Observers of the Tao do not seek fulfillment.
Not seeking fulfillment, they are not swayed by change.

Have we not here other pointers to winter’s gifts? To a way of dwelling at the depth of life?

So, in light of these reflections, hear anew the poem with which we began —Juan Ramon Jimenez’s “Oceans:”

I have a feeling that my boat
has struck, down there in the depths,
against a great thing.
                                    And nothing
happens! Nothing . . . Silence . . . Waves . . .

 —- Nothing happens? Or has everything happened,
and are we standing now, quietly, in the new life?


1 The translation is by Robert Bly, see Robert Bly, ed. The Soul Is Here for Its Own Joy (Hopewell, NJ: Ecco Press, 1995), p. 246.

2 See Gen. 1:1-2<

3 See The Essential Rumi, translations by Coleman Barks with John Moyne (San Francisco: HarperSanFranciso, 1995), p. 12.

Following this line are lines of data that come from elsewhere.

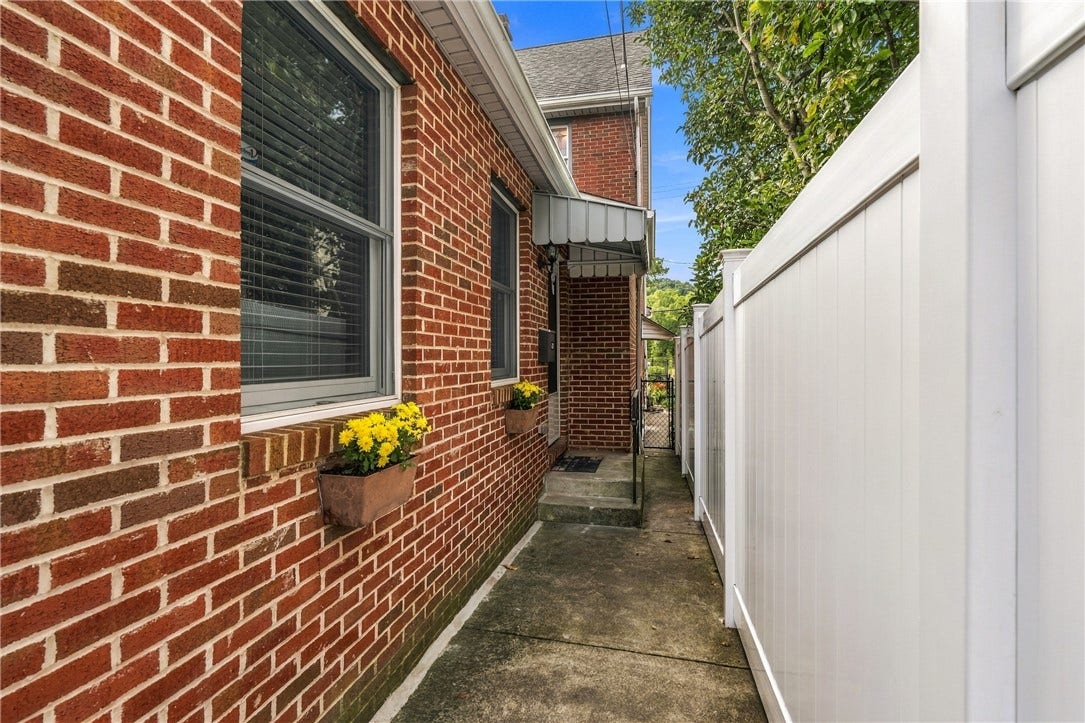 731 S BRADDOCK AVE, Pittsburgh, PA 15221 731 S BRADDOCK AVE, Pittsburgh, PA 15221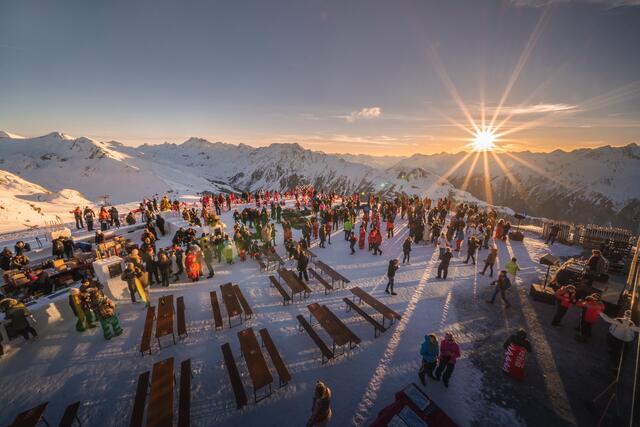 Sonnenuntergang mit Lounge-Feeling und Cocktails am Pardatschgrat auf 2.624 Metern Höhe bei sun.downer. | Foto: TVB Paznaun - Ischgl
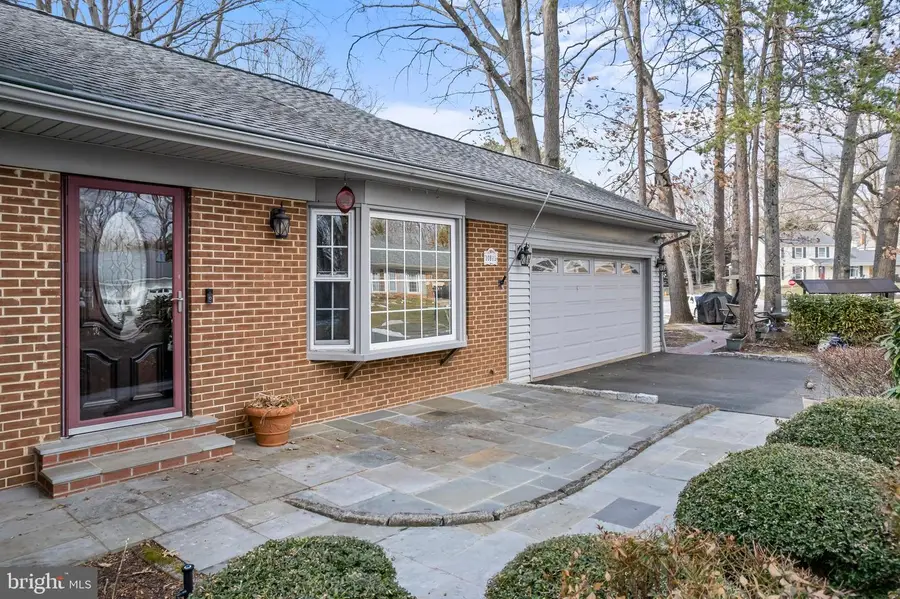 10815 Stanhope Pl, Fairfax, VA 22032 - #3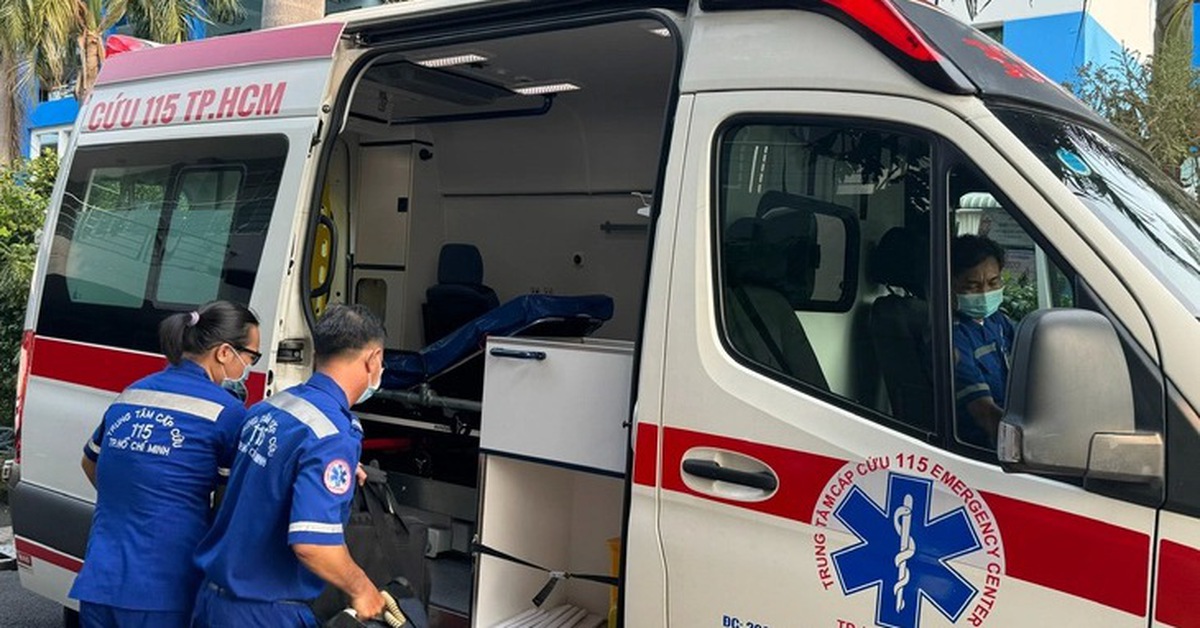Thấy bóng y, bác sĩ cấp cứu 115 đến nhà, nỗi lo lắng dịu đi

4 The young philosopher was Anne Joy Cahill-Swenson, daughter of Ann Cahill and Neil Swenson. The incident took place in July of 2008 when Anne Joy was almost 5 years old.<

5 Paul Eluard quoted in John Tarrant, The Light Inside the Dark (San Francisco: HarperSanFrancisco, 1998), p. 4.

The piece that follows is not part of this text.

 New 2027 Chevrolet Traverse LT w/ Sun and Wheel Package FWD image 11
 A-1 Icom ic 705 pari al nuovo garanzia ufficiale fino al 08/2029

6 I owe the phrase “ruthless certainties” to my friend, Robert Knowles. It echoes a theme that the cultural critic Ivan Illich sounded throughout his writings.

7 See William Blake’s poem: “The Marriage of Heaven and Hell.”

8 Some experience an opening of the sense of sight; others, a subtle hearing. Perhaps all the senses can be activated in new and different ways.

9 The lines are the closing lines of T.S. Eliot’s "Four Quartets."

10 For more on Byron Katie and the turn around, see Byron Katie with Stephen Mitchell, Loving What Is (New York: Three Rivers Press, 2002).

11 For more on Winter and the Fool, see my Living Large: Transformative Work at the Intersection of Ethics and Spirituality (Laurel, MD: Tai Sophia Institute, 2004), chapter 12.

12 See Zalman Schachter-Shalomi and Ronald S. Miller, From Age-ing to Sage-ing (New York: Warner Books, 1995), pp. 271-272.

13 Buckminster Fuller’s remarks can be found in the February 1972 issue of Playboy magazine.

14 I am thinking here of Judaism, Christianity and Islam which all accept and respect the Hebrew scriptures – what Christians call the Old Testament.

15 I am echoing here St. Nicholas of Cusa’s remark: “In all faces is shown the Face of Faces, veiled and as if in a riddle .  .  .”  Quoted in Frederick Franck, The Zen of Seeing (New York: Random House Vintage Books, 1973), p. 81.

16 See Dante, The Paradiso, Canto III, lines 85-87.

17 See The Tao Te Ching, trans.  by Gia-Fu Feng and Jane English (New York: Random House Vintage Books, 1972), chapter 15. Passage modified for inclusive language.